Beaucoup plus disputée, en revanche, est la place qui sera accordée à la notion de consentement. Les tenants d’un changement radical veulent que tout acte non consenti (ou refusé) soit qualifié de viol et que la condition actuelle de la contrainte soit bannie afin de pouvoir poursuivre plus efficacement une majorité d’abus qui ne répondent pas à l’archétype de l’agression perpétrée dans une ruelle sombre par un inconnu. D’autres défendent le statu quo ou se montrent plus hésitants. Ils souhaitent conserver une forme de pression pour le viol proprement dit et proposent de créer une infraction distincte pour punir les atteintes commises «contre la volonté de la personne», mais sans recours à la force.
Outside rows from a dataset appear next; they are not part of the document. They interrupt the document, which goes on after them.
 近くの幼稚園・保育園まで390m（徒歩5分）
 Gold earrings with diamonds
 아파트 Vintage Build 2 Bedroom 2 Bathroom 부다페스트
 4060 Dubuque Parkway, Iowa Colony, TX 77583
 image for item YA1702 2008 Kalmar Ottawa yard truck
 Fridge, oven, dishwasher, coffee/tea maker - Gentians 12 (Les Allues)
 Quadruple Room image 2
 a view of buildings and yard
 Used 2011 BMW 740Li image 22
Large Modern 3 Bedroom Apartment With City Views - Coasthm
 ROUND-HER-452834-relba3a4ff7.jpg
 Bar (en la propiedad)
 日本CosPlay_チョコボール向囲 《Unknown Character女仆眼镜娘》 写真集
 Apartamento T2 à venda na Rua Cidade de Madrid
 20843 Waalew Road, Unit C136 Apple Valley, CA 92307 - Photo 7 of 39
Une sorte de viol de deuxième catégorie qui fait déjà hurler les milieux féministes et au-delà.

Dans ce débat passionné, les fronts ne sont pas homogènes. Les postures évoluent. La droite paraît divisée sur la solution du consentement et la gauche plutôt déchirée sur le thème de la sévérité des sanctions, sachant aussi que des peines trop élevées peuvent devenir dissuasives lorsque des victimes envisagent de porter plainte contre un proche. On peut donc s’attendre à ce que ce processus législatif continue d’être animé avant d’aboutir, du moins faut-il l’espérer, à une définition juridique moderne. Laquelle devra être praticable par les tribunaux et traduire comment la société a évolué dans sa représentation des rapports humains.